Member of Bihar Legislative Assembly
- Incumbent
- Assumed office 10 November 2015
- Preceded by: Ram Naresh Prasad Yadav
- Constituency: Parihar

Personal details
- Born: 1 January 1964 (age 62)
- Party: Bharatiya Janata Party
- Occupation: Politician

= Gayatri Devi (Bihar politician) =

Indian politician

Gayatri Devi alias Gayatri Yadav (born 1 January 1964) is a member of the Bharatiya Janata Party from Bihar. She won the Bihar Legislative Assembly election in 2015 from Parihar.

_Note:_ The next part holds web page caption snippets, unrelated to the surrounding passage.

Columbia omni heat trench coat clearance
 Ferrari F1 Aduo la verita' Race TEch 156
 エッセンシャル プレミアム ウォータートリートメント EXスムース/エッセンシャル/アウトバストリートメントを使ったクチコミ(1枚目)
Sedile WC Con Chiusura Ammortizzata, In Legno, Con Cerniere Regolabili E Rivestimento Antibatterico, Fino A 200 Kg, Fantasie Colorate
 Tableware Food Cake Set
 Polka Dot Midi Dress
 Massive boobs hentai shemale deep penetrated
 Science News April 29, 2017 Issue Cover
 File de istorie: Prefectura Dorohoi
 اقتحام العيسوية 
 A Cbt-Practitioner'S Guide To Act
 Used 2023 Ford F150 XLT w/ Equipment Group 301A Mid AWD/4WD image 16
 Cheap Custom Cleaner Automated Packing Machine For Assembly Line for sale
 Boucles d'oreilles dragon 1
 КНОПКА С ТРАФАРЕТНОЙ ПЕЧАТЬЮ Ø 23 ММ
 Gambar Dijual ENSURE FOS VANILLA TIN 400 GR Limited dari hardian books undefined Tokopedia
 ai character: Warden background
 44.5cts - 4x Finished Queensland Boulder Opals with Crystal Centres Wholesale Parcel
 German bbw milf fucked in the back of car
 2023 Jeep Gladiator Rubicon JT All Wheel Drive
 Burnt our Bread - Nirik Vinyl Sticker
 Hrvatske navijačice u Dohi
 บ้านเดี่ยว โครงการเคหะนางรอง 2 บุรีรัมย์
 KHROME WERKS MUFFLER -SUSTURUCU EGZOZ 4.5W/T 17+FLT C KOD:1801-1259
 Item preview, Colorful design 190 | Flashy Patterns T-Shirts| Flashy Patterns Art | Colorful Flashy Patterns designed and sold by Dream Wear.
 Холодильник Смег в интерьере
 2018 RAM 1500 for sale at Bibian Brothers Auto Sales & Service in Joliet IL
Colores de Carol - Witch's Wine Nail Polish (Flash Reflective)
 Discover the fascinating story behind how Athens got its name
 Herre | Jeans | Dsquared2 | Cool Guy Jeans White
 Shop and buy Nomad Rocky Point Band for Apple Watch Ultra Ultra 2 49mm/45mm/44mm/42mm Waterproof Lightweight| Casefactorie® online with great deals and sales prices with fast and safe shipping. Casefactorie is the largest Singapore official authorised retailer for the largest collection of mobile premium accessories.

== Early life and education ==
Devi was born in a village Koili Bhraon of Muzaffarpur district in Bihar state. She studied Class 9 at Ram Kishor High School, Chhapra Muzaffarpur and passed the examinations in 1978.

== Personal life ==
Devi is married to former BJP MLA Ram Naresh Yadav. In a case related to Sitamarhi collectorate gun firing case, her husband was convicted and jailed for 10 years.

== Political career ==
In 1990 Devi entered politics. She held various positions in Sitamarhi BJP female wing. She won the 2015 Bihar Legislative Assembly election representing the BJP from Parihar Assembly constituency and defeated her nearest rival, Ramchandra Purve of the RJD.